◆ RECORDS SHOWN
+---+

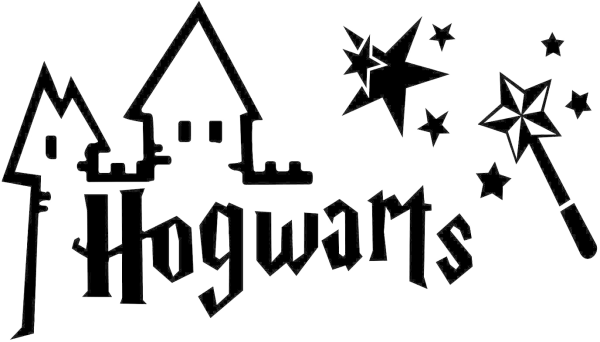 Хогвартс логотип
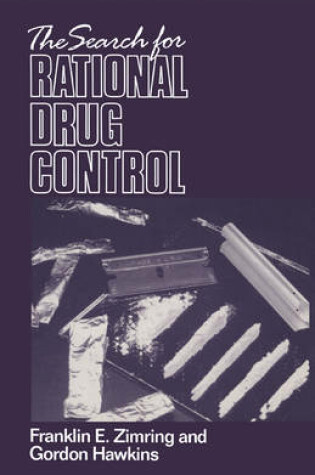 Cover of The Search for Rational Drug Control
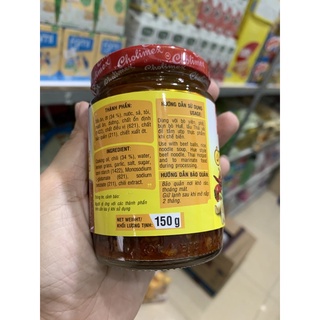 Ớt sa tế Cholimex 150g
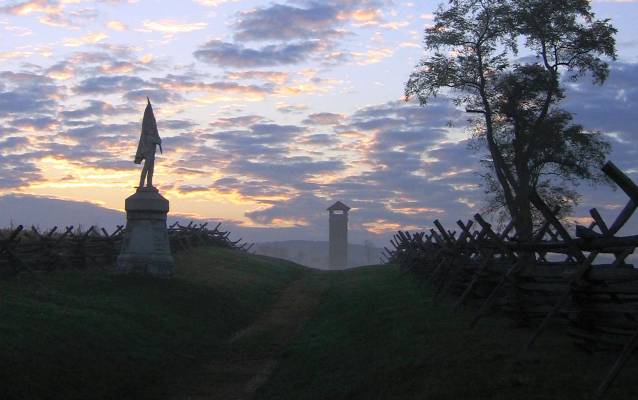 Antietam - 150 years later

+---+

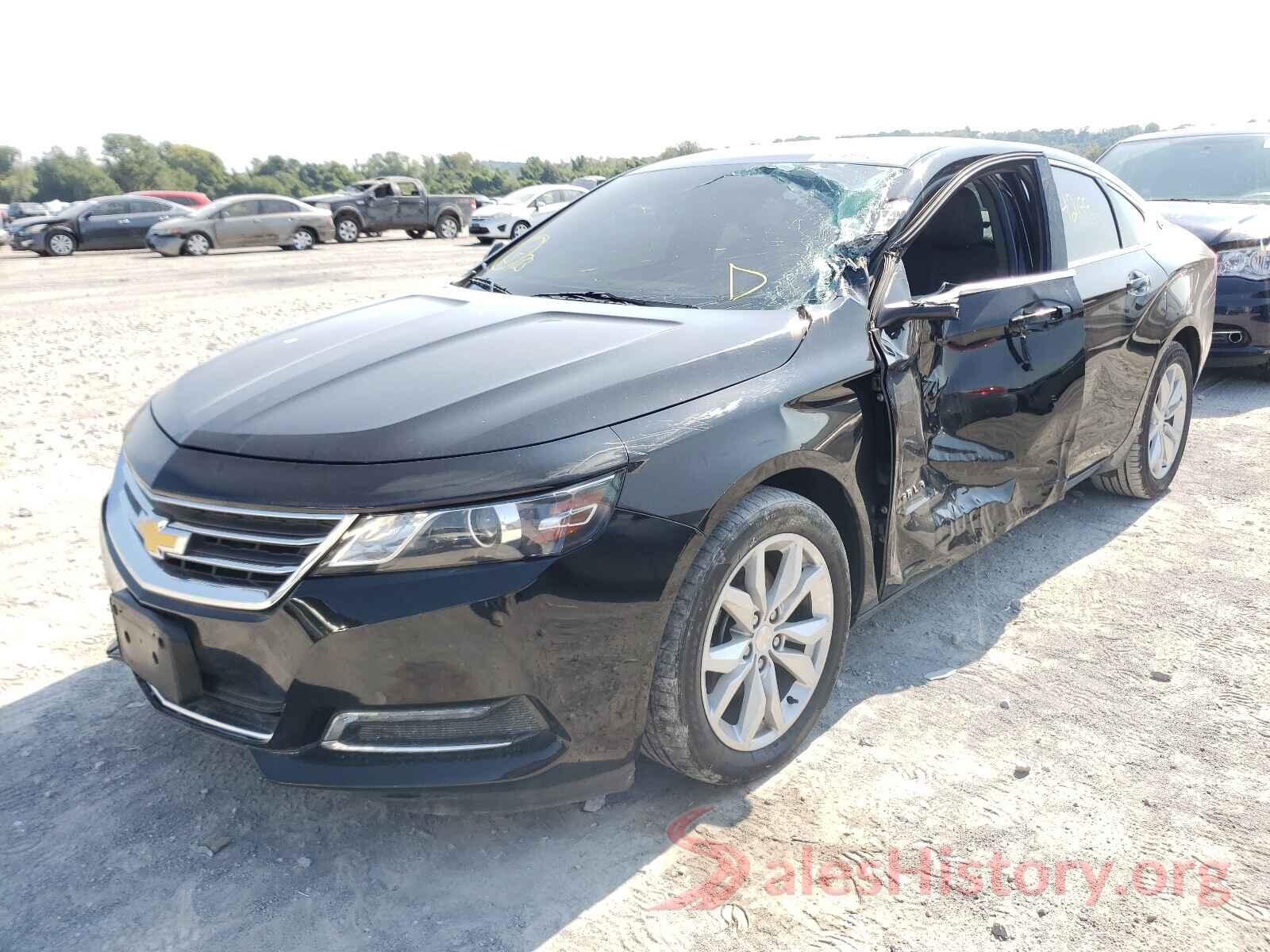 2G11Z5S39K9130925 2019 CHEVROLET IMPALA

+---+

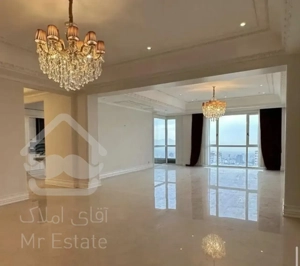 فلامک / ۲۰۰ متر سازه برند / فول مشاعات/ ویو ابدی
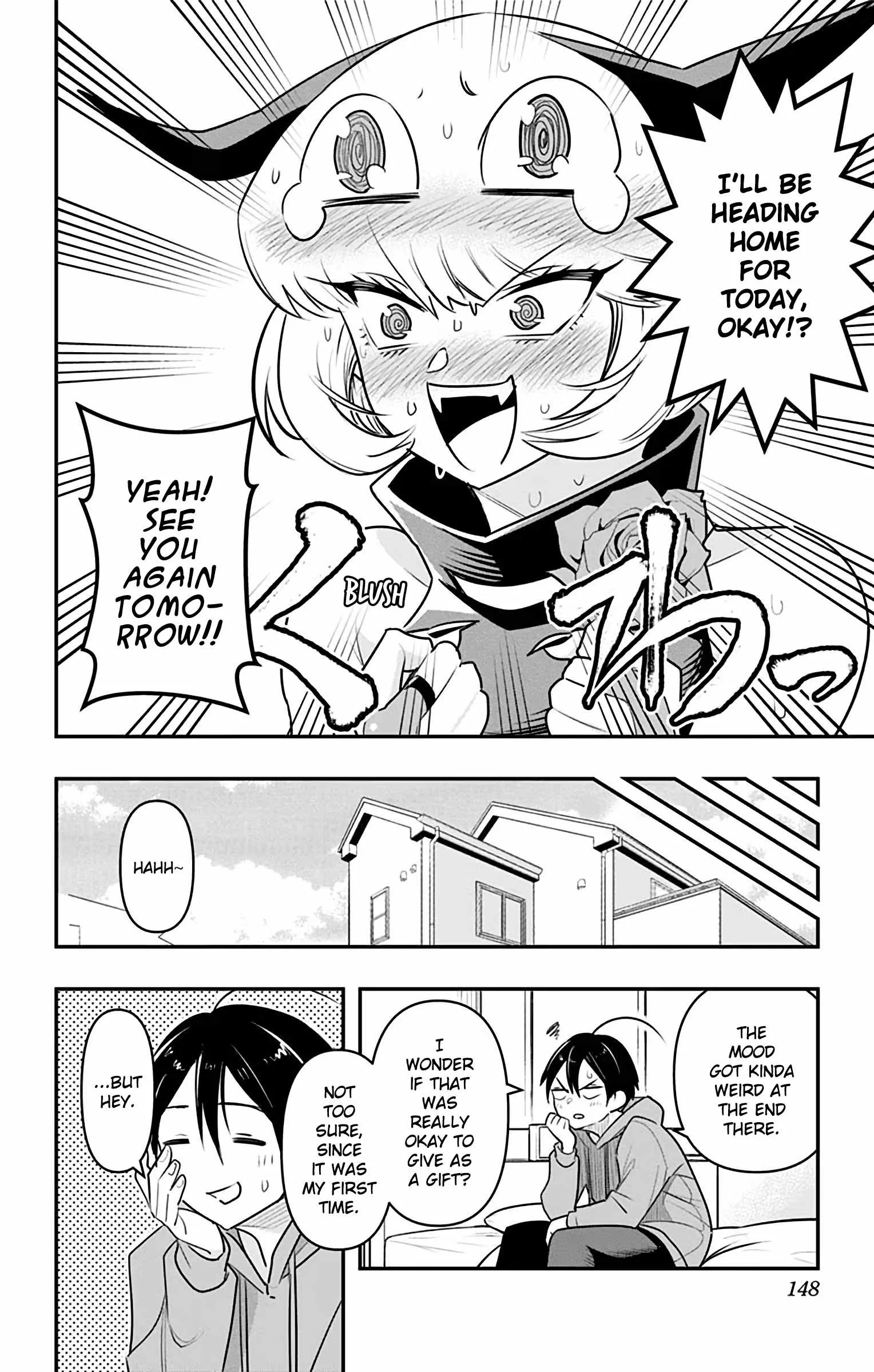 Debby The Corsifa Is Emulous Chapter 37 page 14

+---+

In the entries above, which lines run from the one with "فلامک / ۲۰۰" up to and including the one with "Debby The Corsifa"? Write them out exactly, without the pictures.

◆ RESULT FOR THIS EXERCISE
 فلامک / ۲۰۰ متر سازه برند / فول مشاعات/ ویو ابدی
 Debby The Corsifa Is Emulous Chapter 37 page 14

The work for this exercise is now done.